Quality of Life - Another View | Trade and Industry Development

Quality of Life - Another View

Jun 30, 2003 | By: Shirl C. Boyce

Much has been written about the importance of quality of life in economic development programs. A major element in analyzing an area’s strengths, weaknesses, opportunities, and threats is that of quality of life. Most would agree that once the business case has been made, quality of life plays a pivotal role in finalizing the short list of where a company will locate, or remain for that matter.

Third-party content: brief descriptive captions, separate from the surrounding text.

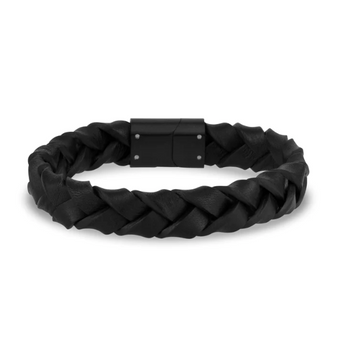 ARZ 12mm Black Woven Leather 9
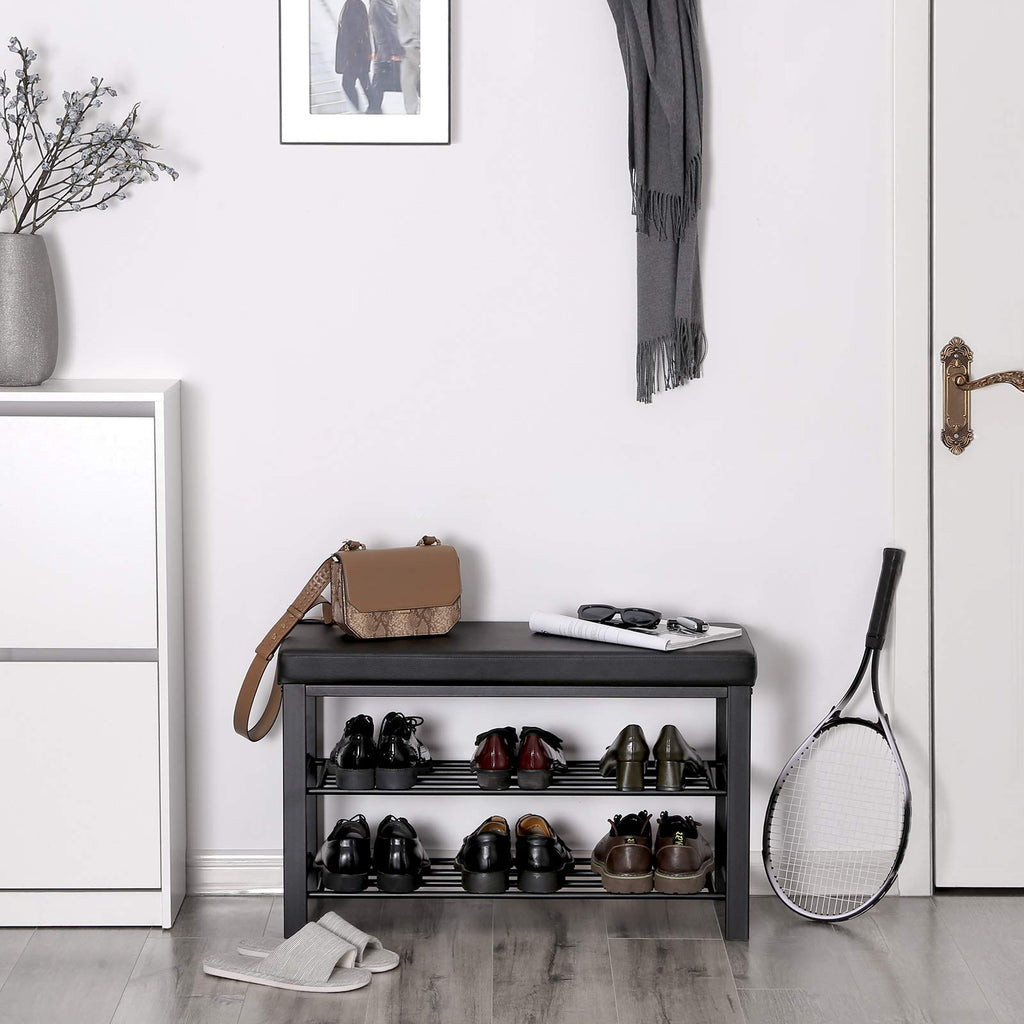 Songmics Shoe Bench, 3-Tier Shoe Rack For Entryway, Storage Organizer With Foam Padded Seat, Faux Leather, Metal Frame, For Living Room, Hallway, 12.2 X 31.9 X 19.3 Inches, Black Ulbs58H
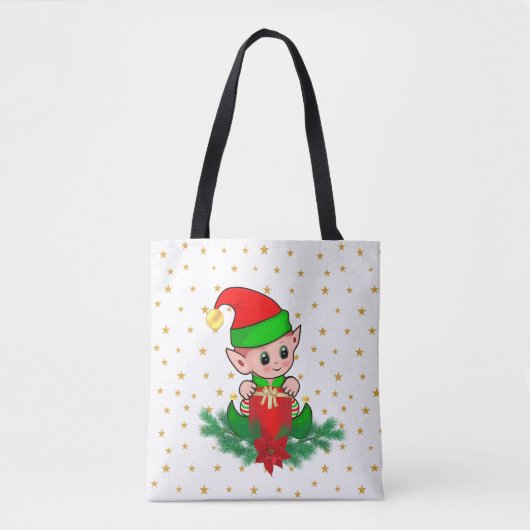 Kerstelf, dennen, poinsettia en sterren tote bag (Voorkant)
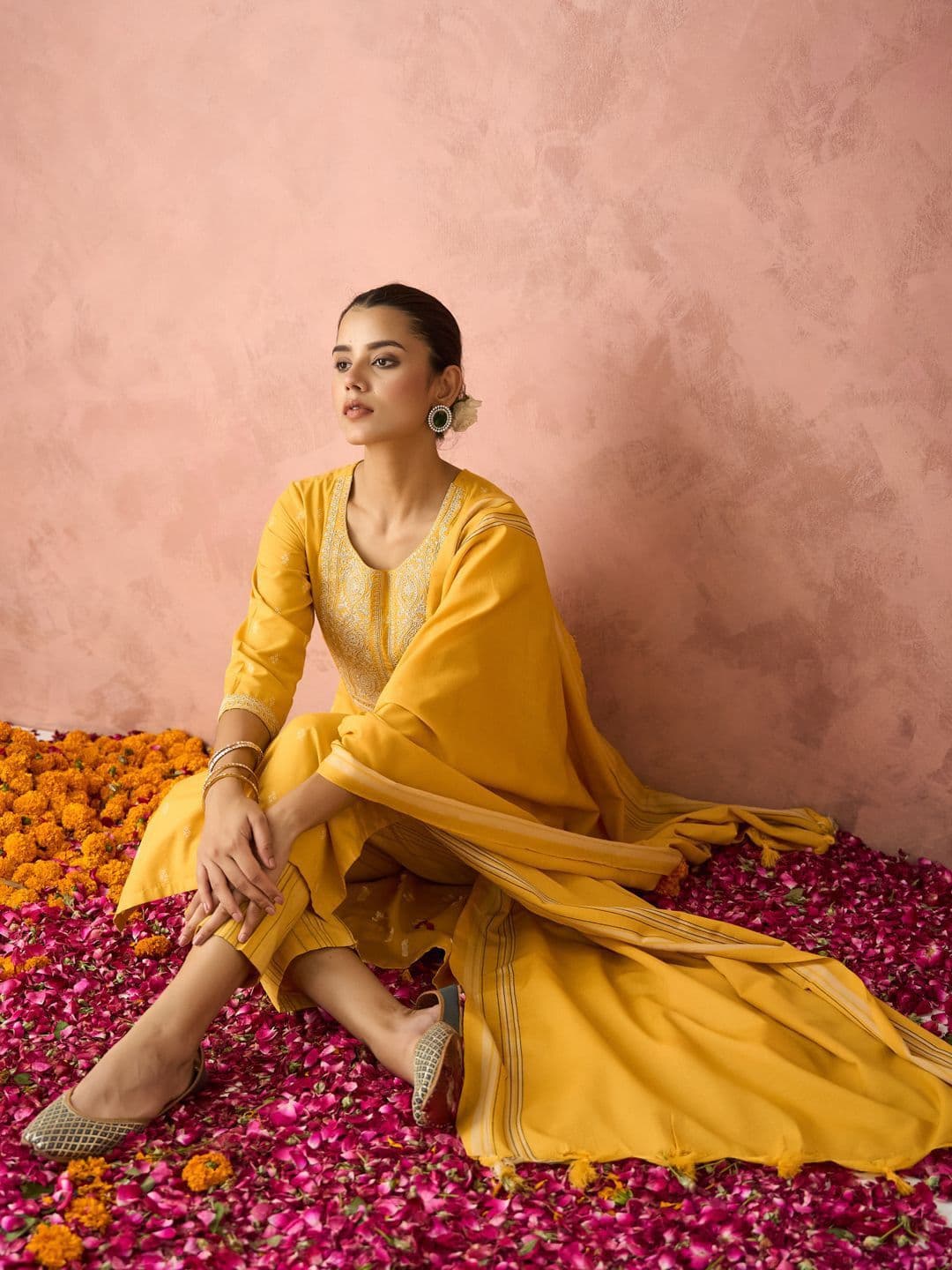 KALINI Woven Design Floral Embroidered Straight Kurta With Trouser And Dupatta thumbnail 3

While it is fairly easy to develop a lengthy list of those things that constitute quality of life, it means different things to different people. So how does a company go about determining an area’s quality of life? How can you be certain that your company will want to live, work and play there? Who is responsible for ensuring it exists? How does quality of life happen? And finally, what are the payoffs to those companies that find communities that work hard to protect and enhance their quality of life?

When asked about writing an article on quality of life, I wondered what I could say that had not already been said. Then, several things happened. I attended a presentation by Hewlett-Packard’s CEO Carly Fiorina, who delivered a wonderful presentation to nearly one thousand business professionals in Boise. Then I sat in on a meeting of local economic development volunteers, re-examining their community’s strengths, weaknesses, opportunities, and threats. I also gained some insight when listening to comments made by the Mayor of Boise in her recent State of the City speech. And then I read a promotional brochure for our region, circa 1907. These four happenings led me to a clear picture of what quality of life is, why it is important, how it is achieved, how it is maintained, and who is responsible.

What is Quality of Life, and Why is it Important (Hewlett-Packard)?

Celebrating Hewlett Packard’s 30th year in our community, Carly Fiorina delivered a message that for me, brought both elation and concern. Much of what she said was very flattering for our community, saying, “…we have been delighted to be part of your past, and I am here to tell you today that we are equally committed to being an important part of your future.” Her recounting of why Hewlett Packard came to our community in the first place no more clearly demonstrates the relationship between “quality of life” and a strong business climate.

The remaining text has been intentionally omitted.